The job is to output exactly the lines that run from the start of the entries through the line containing "Elegant Crystal Drop", pictures omitted.

Records drawn from a dataset
*** Block opens ***
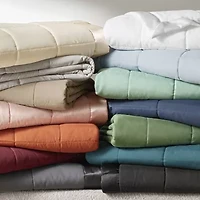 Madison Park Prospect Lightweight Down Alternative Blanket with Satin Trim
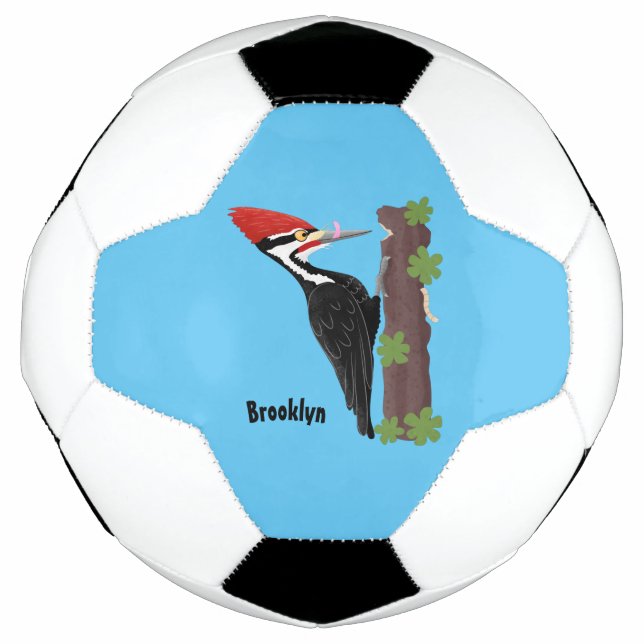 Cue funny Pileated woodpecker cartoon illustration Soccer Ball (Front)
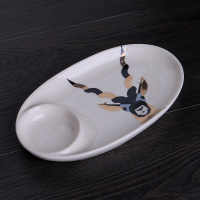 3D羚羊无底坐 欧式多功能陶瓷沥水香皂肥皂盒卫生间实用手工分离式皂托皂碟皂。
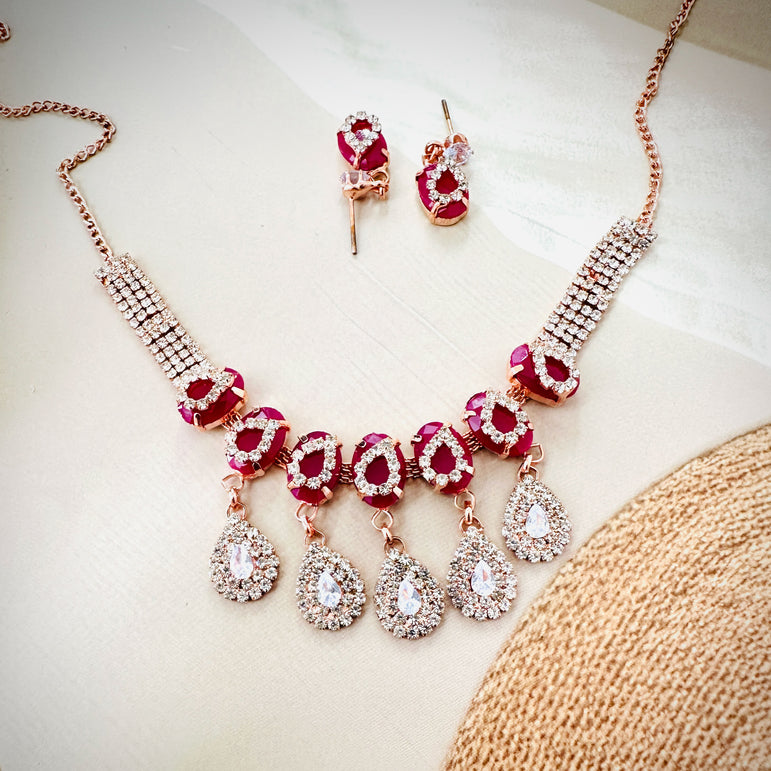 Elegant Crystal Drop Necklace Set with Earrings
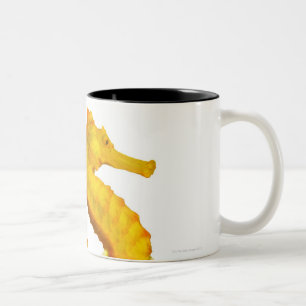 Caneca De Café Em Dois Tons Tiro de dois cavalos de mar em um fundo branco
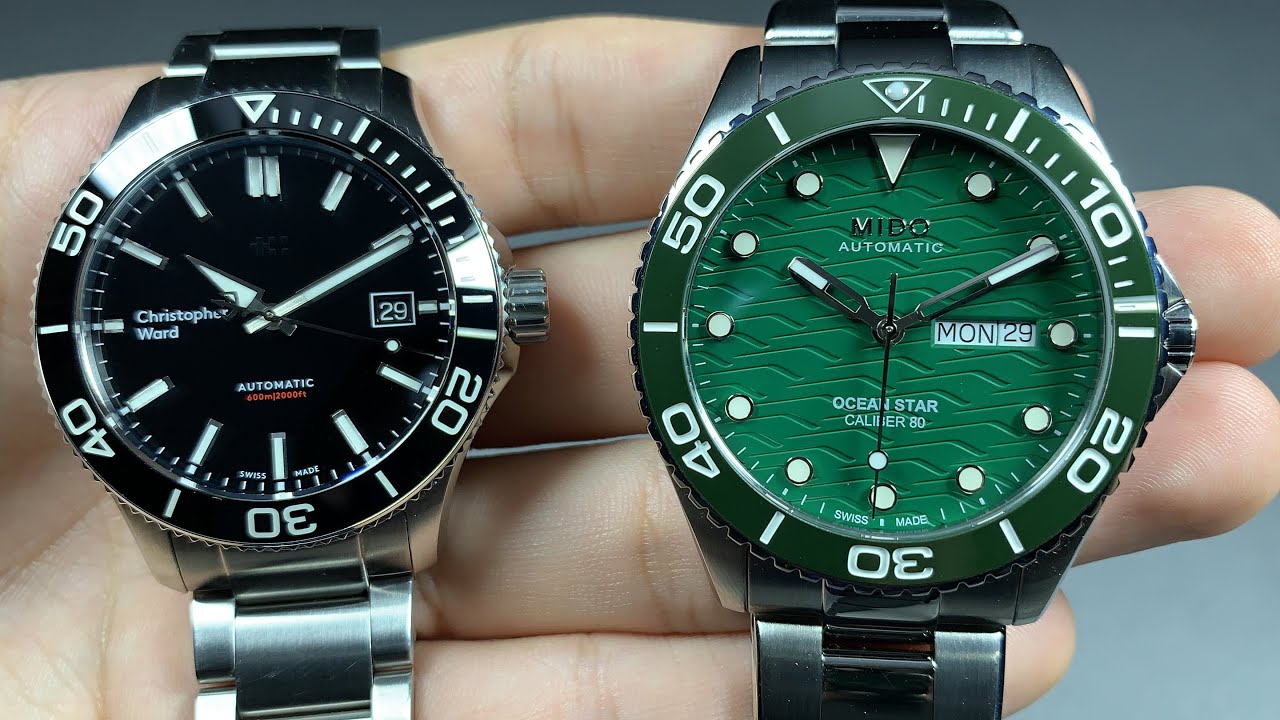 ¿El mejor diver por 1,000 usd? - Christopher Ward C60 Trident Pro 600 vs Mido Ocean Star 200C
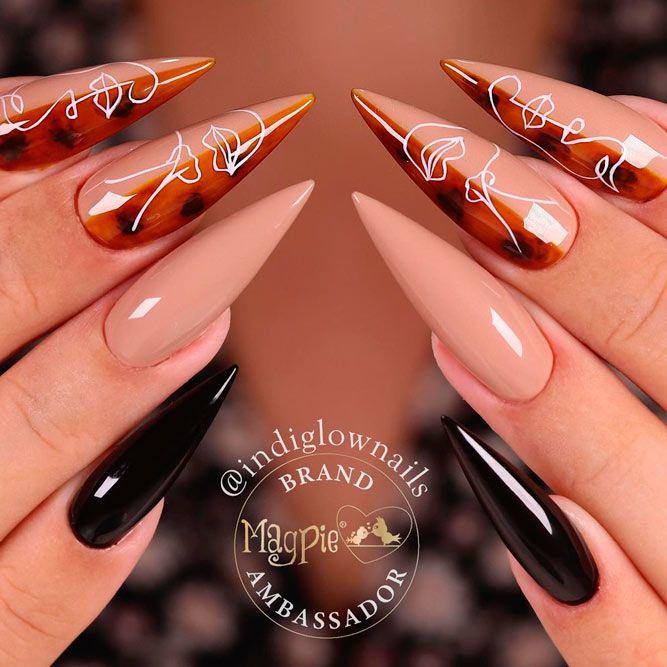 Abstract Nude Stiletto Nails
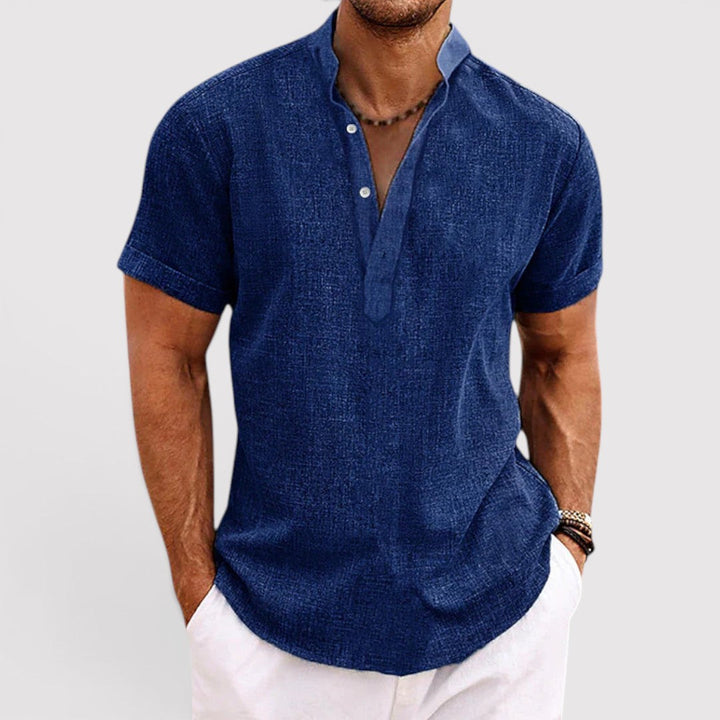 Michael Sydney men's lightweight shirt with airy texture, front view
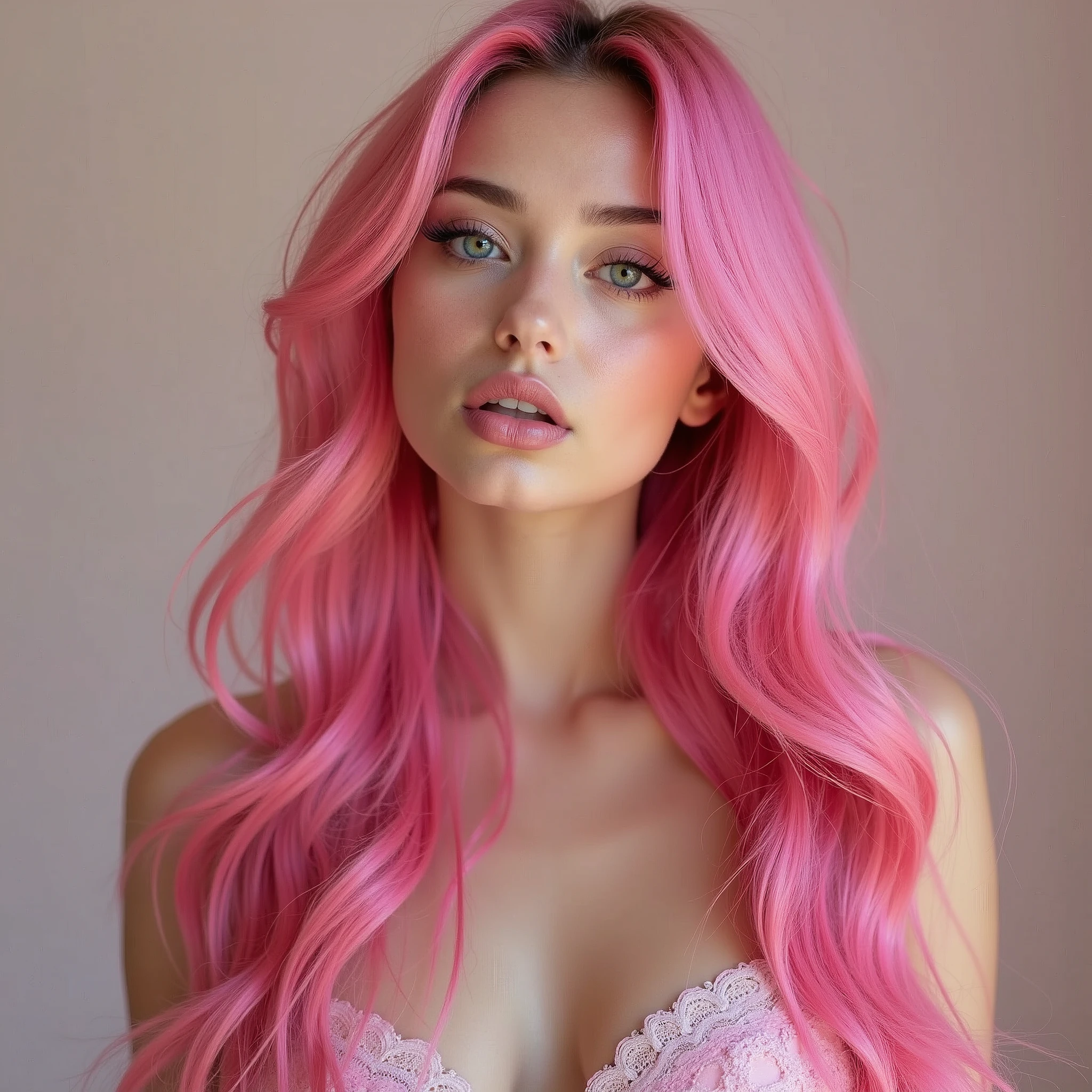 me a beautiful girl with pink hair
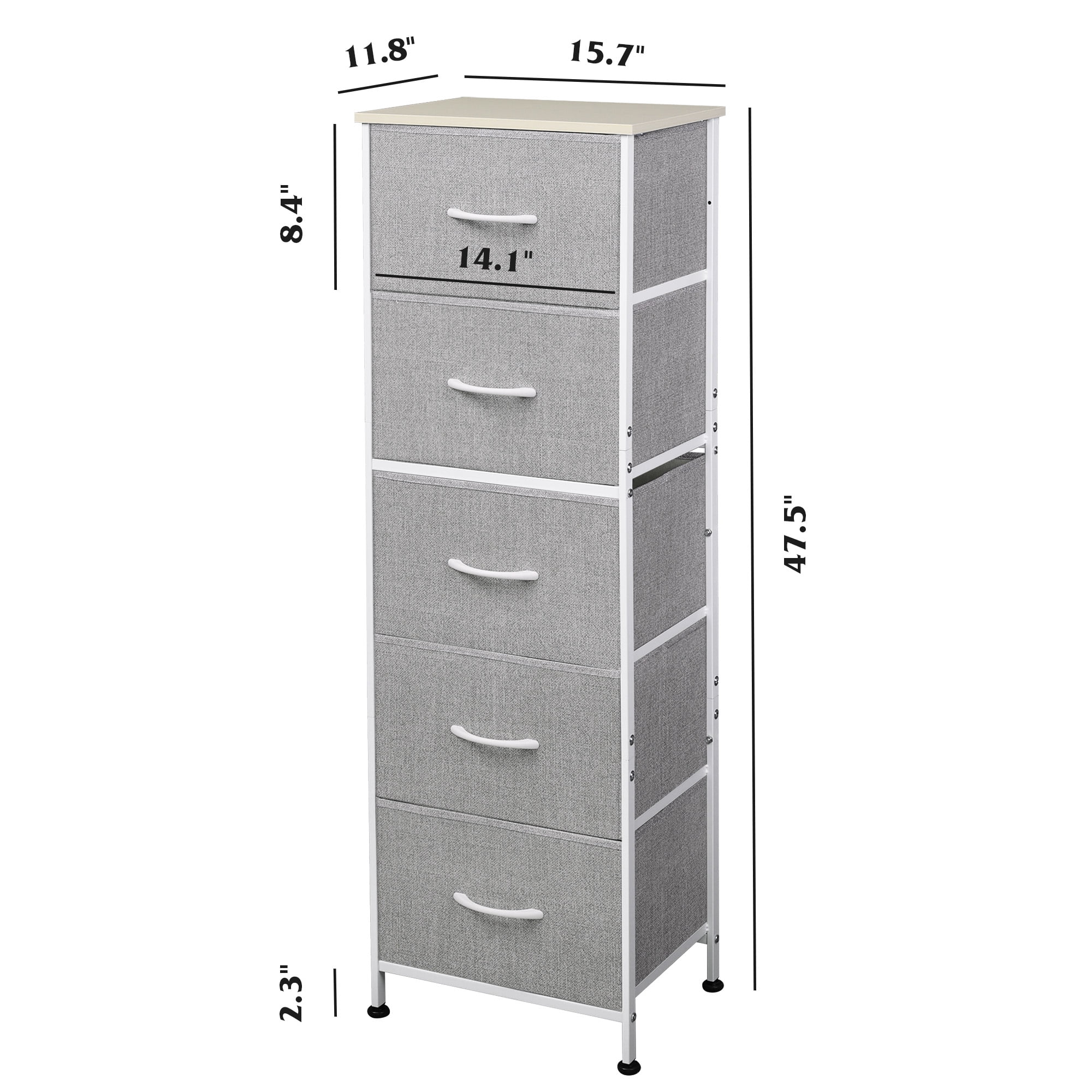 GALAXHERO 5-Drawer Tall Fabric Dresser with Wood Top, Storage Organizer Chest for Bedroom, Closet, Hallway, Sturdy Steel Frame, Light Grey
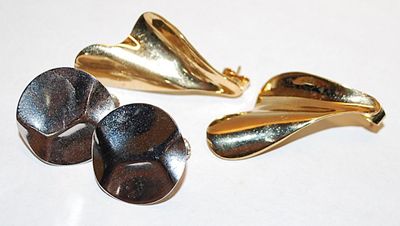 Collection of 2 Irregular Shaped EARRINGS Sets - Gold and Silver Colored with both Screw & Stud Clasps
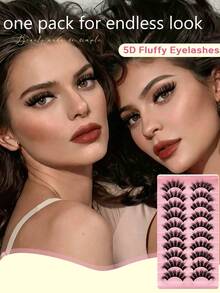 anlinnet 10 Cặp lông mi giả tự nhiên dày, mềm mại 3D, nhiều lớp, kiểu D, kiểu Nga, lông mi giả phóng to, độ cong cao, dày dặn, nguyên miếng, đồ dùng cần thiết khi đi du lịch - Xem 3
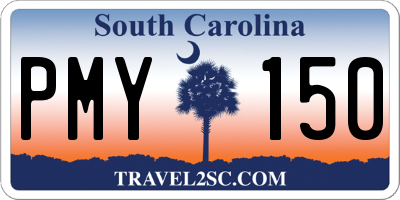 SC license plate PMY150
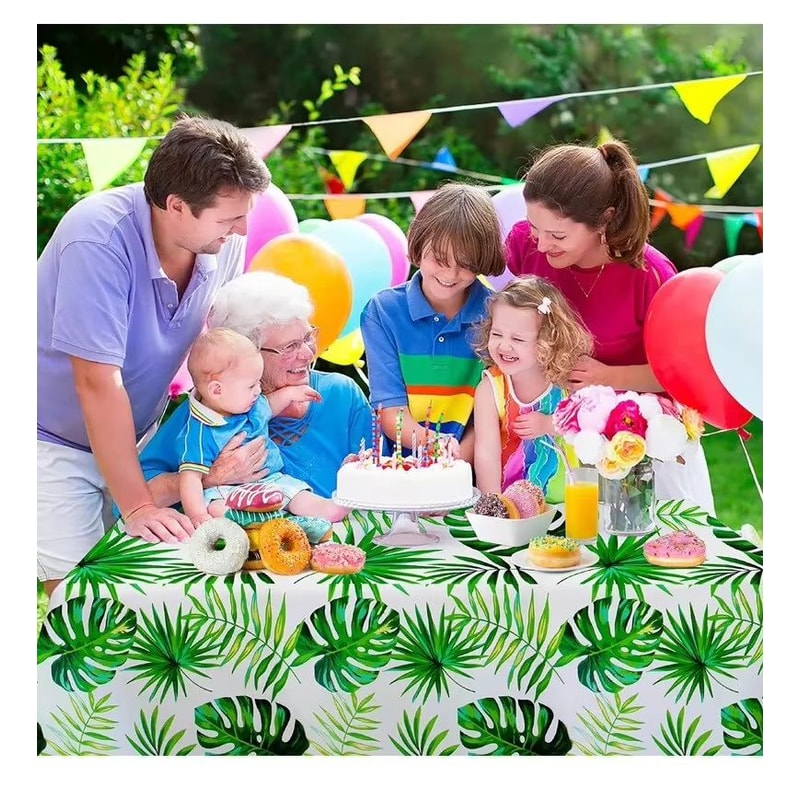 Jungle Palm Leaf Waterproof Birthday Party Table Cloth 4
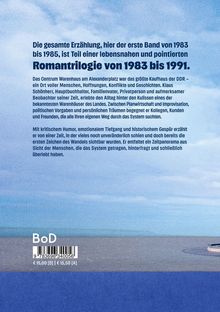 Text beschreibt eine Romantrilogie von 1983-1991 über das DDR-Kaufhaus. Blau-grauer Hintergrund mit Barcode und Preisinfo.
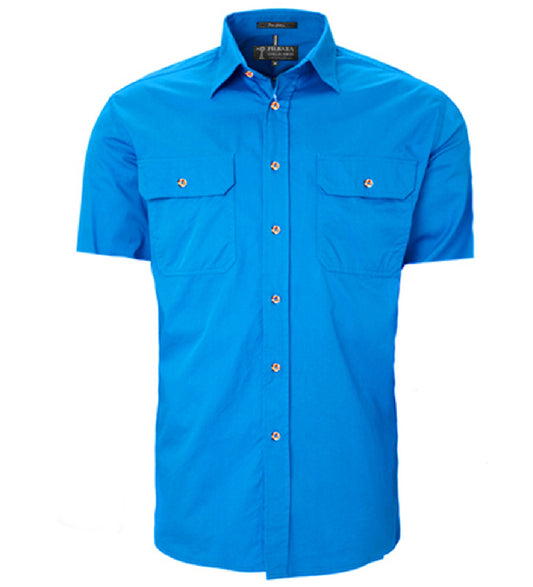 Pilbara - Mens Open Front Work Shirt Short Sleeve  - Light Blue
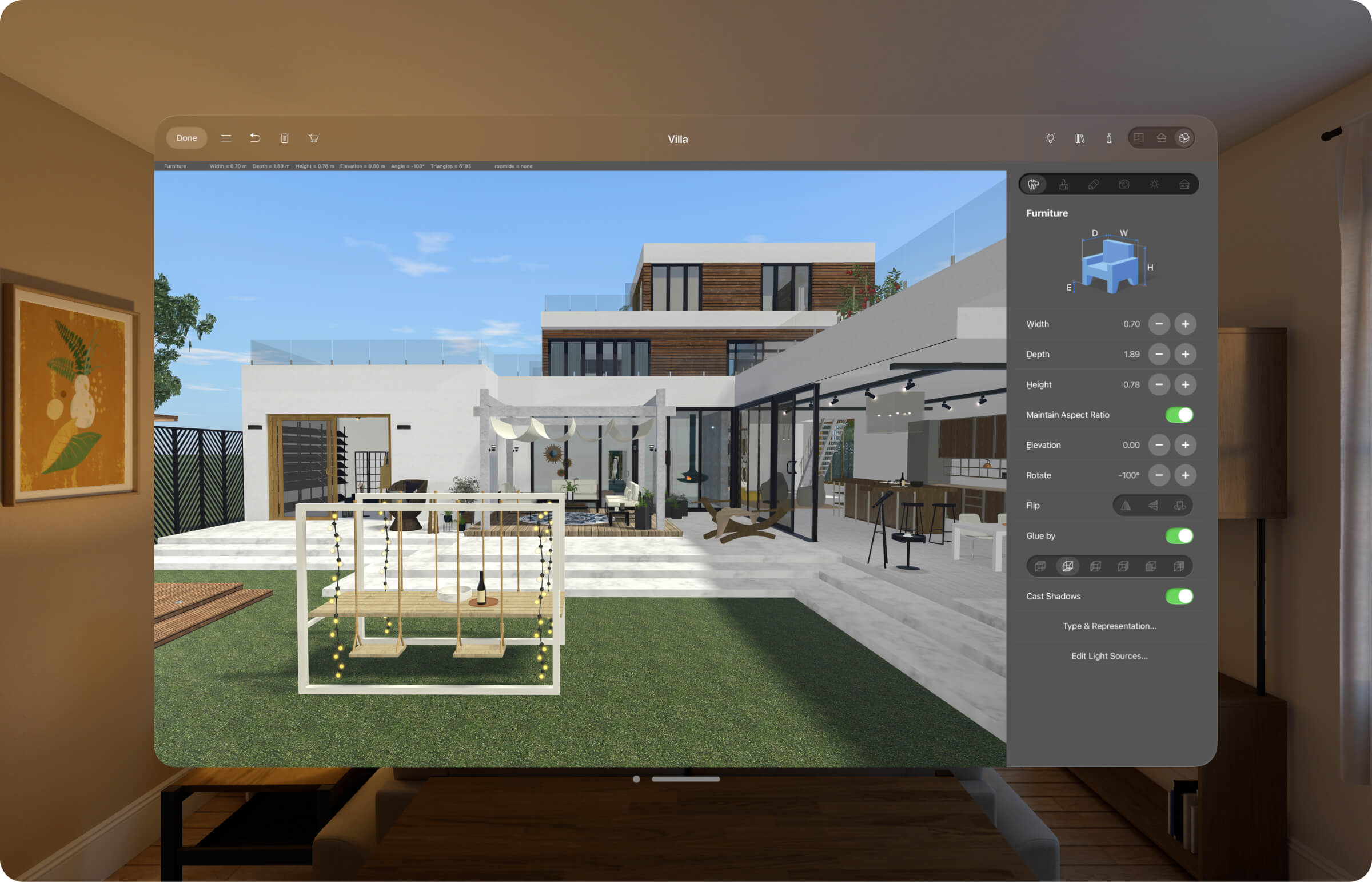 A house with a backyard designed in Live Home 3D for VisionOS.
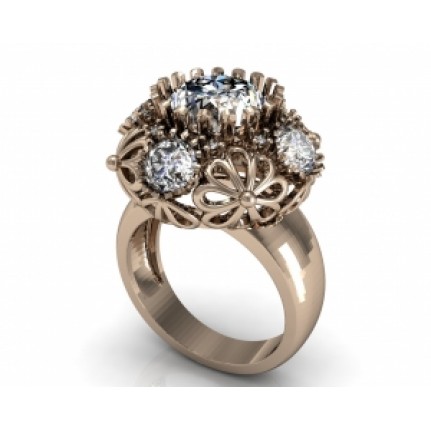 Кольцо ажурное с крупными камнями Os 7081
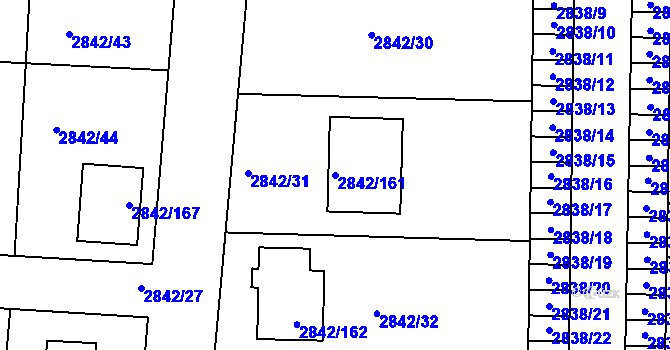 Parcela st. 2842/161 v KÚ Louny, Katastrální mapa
*** Block closes ***
_Task response_:
 Madison Park Prospect Lightweight Down Alternative Blanket with Satin Trim
 Cue funny Pileated woodpecker cartoon illustration Soccer Ball (Front)
 3D羚羊无底坐 欧式多功能陶瓷沥水香皂肥皂盒卫生间实用手工分离式皂托皂碟皂。
 Elegant Crystal Drop Necklace Set with Earrings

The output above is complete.